Defendants argue in their motion to dismiss that because the bankruptcy estate has been fully administered, and because the bankruptcy case has been officially closed, the court lacks subject matter jurisdiction to hear plaintiff's adversary complaint. In its response, plaintiff argues that the bankruptcy court's authorization of the debtor to employ special counsel to bring these type of "non-core" claims is sufficient to confer federal jurisdiction. The court finds that where a bankruptcy case is closed and the estate no longer exists, and where plaintiff does not seek to have the bankruptcy case opened for cause pursuant to 11 U.S.C. § 350(b) and Bankruptcy Rule 5010, the court is without jurisdiction to entertain any proceedings, irrespective of whether those proceedings are defined as "core" or related "non-core" proceedings.

A. Bankruptcy Jurisdiction Pursuant to 28 U.S.C. § 1334(b)

In this case, the court must determine whether it can entertain subject matter jurisdiction over the instant adversary proceeding, alleging only state law claims.

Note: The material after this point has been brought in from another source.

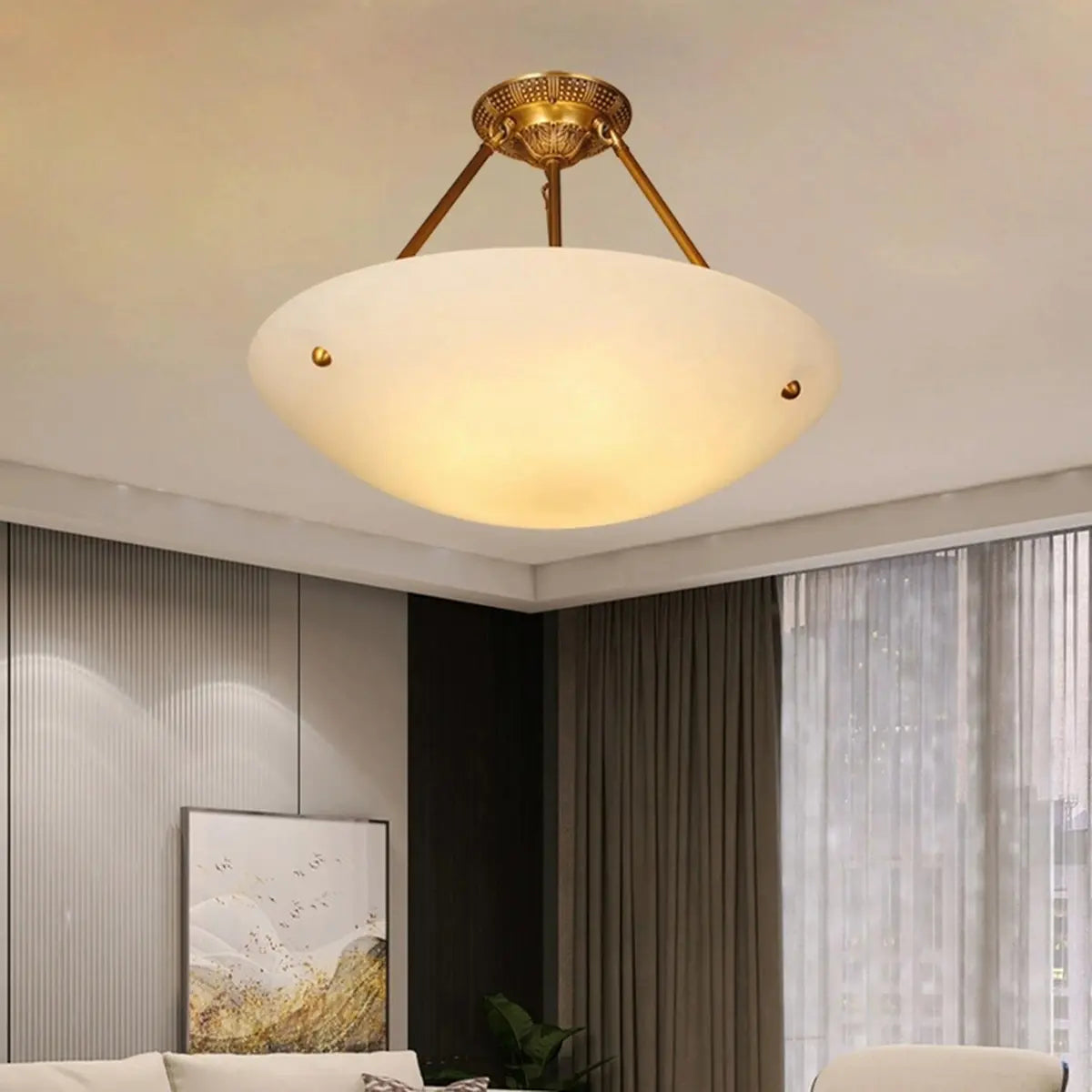 Vintage White Alabaster Floral Brass Bedroom Chandelier Image - 6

The bankruptcy courts are granted jurisdiction pursuant to 28 U.S.C. § 1334. In relevant part, this section reads as follows:

§ 1334. Bankruptcy cases and proceedings
(a) Except as provided in subsection (b) of this section, the district court shall have original and exclusive jurisdiction of all cases under title 11.
(b) Notwithstanding any Act of Congress that confers exclusive jurisdiction on a court or courts other than the district courts, the district courts shall have original but not exclusive jurisdiction of all civil proceedings arising under title 11, or arising in or related to cases under title 11.

28 U.S.C. § 1334.

The Third Circuit in In re Marcus Hook Dev. Park, Inc., 943 F.2d 261 (3d Cir.1991), analyzing the jurisdiction under section 1334(b), stated:

It is well settled that the bankruptcy court potentially has jurisdiction over four types of title 11 matters, pending referral from the district court: (1) cases under title 11, (2) proceedings arising under title 11, (3) proceedings arising in a case under title 11, and (4) proceedings related to a case under title 11. . . . The first of these categories, cases under Title 11, "refers merely to the bankruptcy petition itself."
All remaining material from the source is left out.